Recorría la ciudad como los perros vagos. Sin dirección conocida. Enloqueció, dice la cultura popular o las malas lenguas -que no es lo mismo, por supuesto- de amor. De amor sí, pero de amor no correspondido. O mejor dicho de amor prohibido. Siendo, la empleada de un próspero comerciante iquiqueño, se enamoró de quien no debía: de su jefe.
Las penas de amor la enloquecen y el vino termina su trabajo. La calle fue su segundo hogar. Los gatos sus aliados, los depositarios de tanto amor desperdiciado. Se llenó de harapos como queriendo soñar los vestidos que su amante le prometió alguna noche de amor. El traje blanco con que se soñó entrando a la Catedral.

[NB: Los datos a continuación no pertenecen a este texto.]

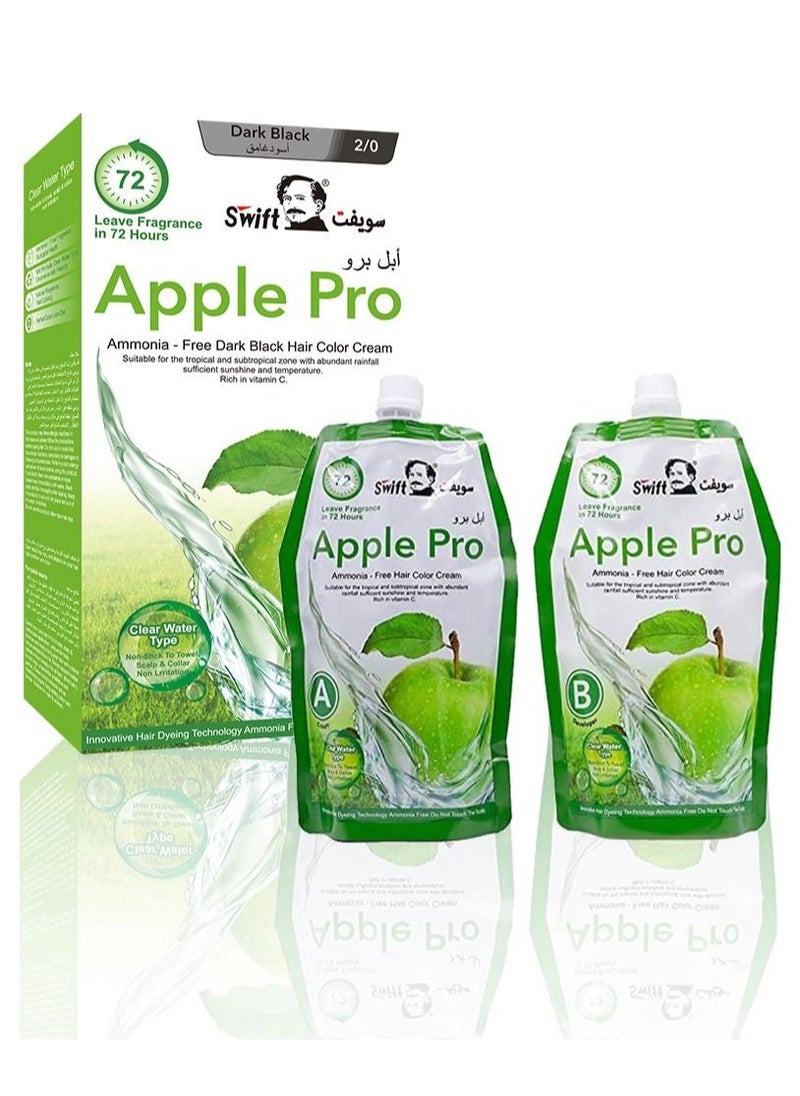 Swift Apple Pro Ammonia free Hair Color Dark Black 500mlx2  - Image 1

La única vez que la escuchábamos hablar fue cuando respondía al gastado, pero no por ello menos hiriente, «Loca de los Gatos». Entonces era rabia en forma de garabatos; era el odio que viajaba en adjetivos. Era la bronca contra la vida.

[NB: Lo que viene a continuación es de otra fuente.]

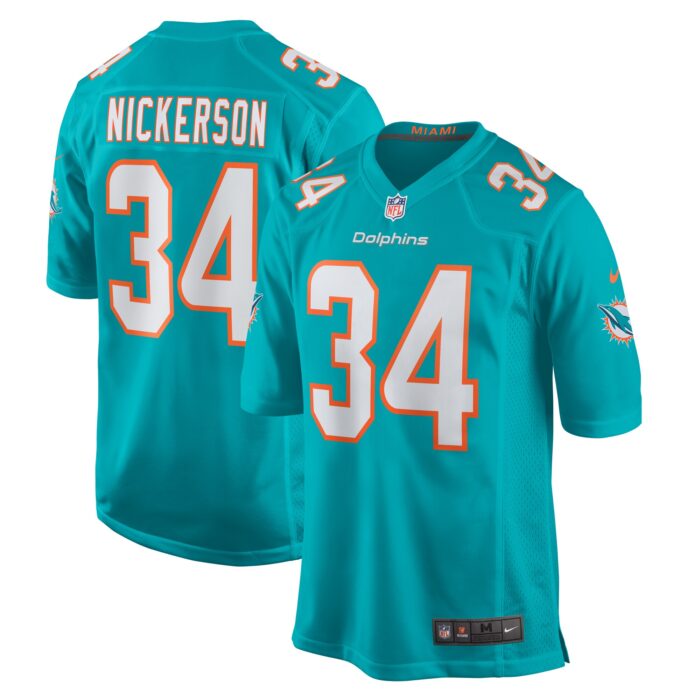 Men’s Miami Dolphins Parry Nickerson Nike Aqua Team Game Jersey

La Loca de los Gatos ayudó a construir cierto discurso estético de los años sesenta en el puerto que bajó las banderas negras, gracias a la llegada de la industria pesquera. Era impensable el centro de la ciudad sin ella, sin sus gatos, sin sus harapos, sin sus garabatos, y sobre todo, sin su locura.
Entre tanto olor a pesquera, entre tanta chancha de los bares del Mercado Municipal, un día se nos fue con sus gatos. Estos con sus siete vidas habrán seguido merodeando por ahí. Ella, a lo mejor, en el altar mayor, le da el sí a su amante de siempre.